I'd create a function:

tooling::Replacement createInsertion(StringRef HeaderName) {
  return tooling::Replacement("fix.cpp", UINT_MAX, 0, HeaderName);
}
ioeric updated this revision to Diff 59035.May 31 2016, 3:33 AM
ioeric marked 7 inline comments as done.
  • Addressed commments.
unittests/Format/CleanupTest.cpp
310

I had tried to pull out the environment setup...but it didn't seem to save much code without sacrificing flexibility.

In some test cases, we also need to add replacements other than header insertions, and those replacements construction uses FileID, so createInMemoryFile needs to stay in test functions.

FormatStyle differs among test cases, so it has to stay.

All we save might just be the two lines which could be either cleanup or cleanup+format.\

Any better ideas?

djasper added inline comments.May 31 2016, 3:52 AM
unittests/Format/CleanupTest.cpp
310

Well, the only reason you seem to be using the FileID or "Context" for that matter is to translate between line/col and offset.
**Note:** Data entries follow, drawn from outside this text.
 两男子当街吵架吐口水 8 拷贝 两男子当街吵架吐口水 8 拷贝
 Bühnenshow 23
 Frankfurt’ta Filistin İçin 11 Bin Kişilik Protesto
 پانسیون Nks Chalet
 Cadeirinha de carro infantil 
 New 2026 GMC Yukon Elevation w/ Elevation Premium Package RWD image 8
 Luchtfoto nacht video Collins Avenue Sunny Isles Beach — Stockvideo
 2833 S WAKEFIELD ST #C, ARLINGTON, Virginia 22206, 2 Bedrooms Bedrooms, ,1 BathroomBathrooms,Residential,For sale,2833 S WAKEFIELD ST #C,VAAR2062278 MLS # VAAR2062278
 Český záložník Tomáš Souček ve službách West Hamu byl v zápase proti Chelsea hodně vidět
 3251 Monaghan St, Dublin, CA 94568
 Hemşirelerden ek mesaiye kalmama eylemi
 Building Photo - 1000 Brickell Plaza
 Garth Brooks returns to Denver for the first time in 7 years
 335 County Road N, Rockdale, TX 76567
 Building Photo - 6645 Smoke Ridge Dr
I'd just pull that functionality out into a separate function (which does it based on the "Code" input) or not at all (hard-coding the offset doesn't seem *that* bad).

510

Have you seen this comment?

ioeric updated this revision to Diff 59043.May 31 2016, 5:02 AM
ioeric marked 3 inline comments as done.
  • Addressed reviewer's comments.
unittests/Format/CleanupTest.cpp
310

Ohh, I see! Thanks!

510

Sorry that I missed this one...

djasper accepted this revision.May 31 2016, 5:17 AM
djasper edited edge metadata.

A few nitpicks, but otherwise looks good.

lib/Format/Format.cpp
1287

I'd consistently try to use i and e for integers vs. I and E for iterators.

unittests/Format/CleanupTest.cpp
257

I'd probably make "Style" a class member, defaulting to LLVM Style that you can then overwrite for other styles.

271

I'd consider making "Code" a member variable. But it has pros and cons.

297

Why are you starting and ending the header guards with a double underscore? I think this is actually reserved for built-in identifiers. Maybe just stick with the LLVM naming scheme?

This revision is now accepted and ready to land.May 31 2016, 5:17 AM
ioeric updated this revision to Diff 59053.May 31 2016, 6:34 AM
ioeric marked 3 inline comments as done.
ioeric edited edge metadata.
  • Nits fixed.
This revision was automatically updated to reflect the committed changes.